Oktober lalu, satu peristiwa menarik perhatian saya ketika penyiar TV One mengenakan atribut bendera Palestina saat memberitakan aksi bela Palestina.
Kala itu, Wakil Ketua Dewan Pers, Agung Dharmajaya, mengomentari tindakan ini sebagai pelanggaran kode etik jurnalistik karena dinilai menciptakan kesan tidak netral dan tidak berimbang.
Namun, pernyataan ini kemudian diralat. Pasalnya, atribut sang penyiar ternyata tidak ada kaitannya dengan karya jurnalistik.
Peristiwa ini lantas menarik perhatian serta memicu reaksi pro-kontra di dunia maya. Agung sendiri berdalih, “… ekspresi keberpihakan terhadap kemanusiaan boleh dilakukan seorang jurnalis, asalkan tetap berpegang pada prinsip-prinsip jurnalistik.” Setelah pernyataan tersebut dilontarkan, ketegangan pun mereda.
Mayoritas suara dan kebijakan pemerintah Indonesia sendiri secara bulat menyuarakan dukungan terhadap Palestina. Hal ini salah satunya terimplementasikan pada berita-berita di tanah air yang condong mendukung Palestina.
Misal, dari penelitian yang dilakukan oleh Arrosyid dan Halwat (2021), Ibrahim & Linh (2019), dan Suwarno & Sahayu (2020) terlihat adanya kecenderungan media di Indonesia dalam memberikan representasi yang lebih menguntungkan atau lebih memihak kepada Palestina dibandingkan kepada Israel.
Representasi lebih positif terhadap Palestina dan kritis terhadap Israel tampak menjadi pola umum. Bisa jadi karena faktor-faktor seperti ideologi redaksi, kebijakan luar negeri, dan kepentingan pembaca dalam menentukan bias tersebut.
Melalui fenomena ini, saya ingin mengurai lebih jauh terkait bagaimana memahami keberpihakan media atau bias pemberitaan dalam meliput konflik pelanggaran hak asasi manusia (HAM)? Apakah prinsip netral jurnalistik, seperti menurut Agung, relevan untuk diterapkan kala terjadi kesenjangan dalam konflik itu sendiri?
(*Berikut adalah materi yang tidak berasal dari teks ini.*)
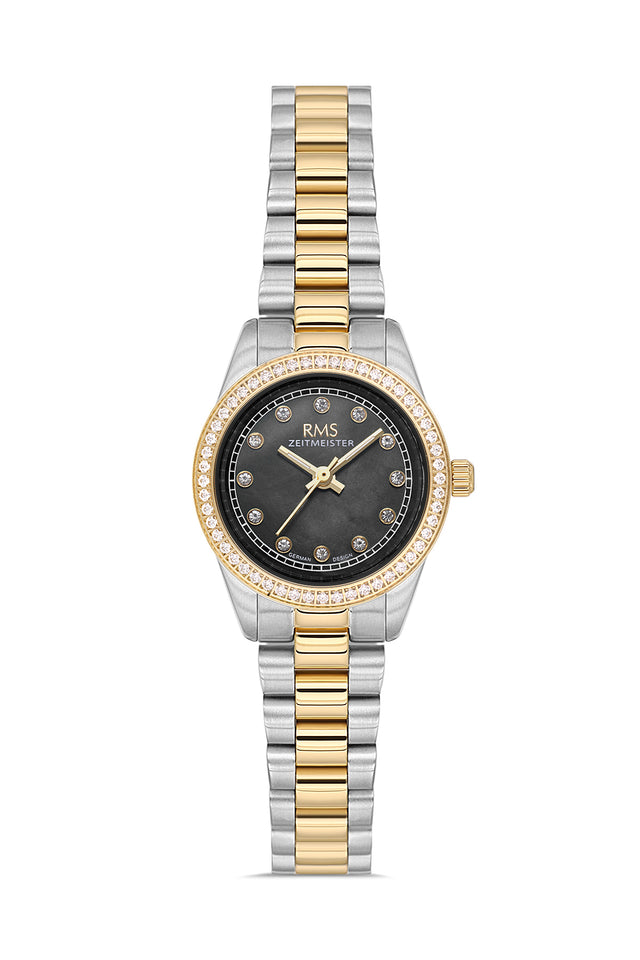 RMS Zeitmeister AG2163.42 women's watch with black mother-of-pearl dial, two-tone case and stainless steel bracelet – front view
Cara Media Mengonstruksi Realitas
Media pemberitaan, sepanjang sejarahnya, menjadi salah satu elemen penting dalam berbagai konflik kemanusiaan. Peran media yang besar di masyarakat, terutama di situasi krisis, dapat digunakan untuk memengaruhi opini publik, memperkuat dukungan, sekaligus mengubah persepsi dari pihak-pihak yang terlibat.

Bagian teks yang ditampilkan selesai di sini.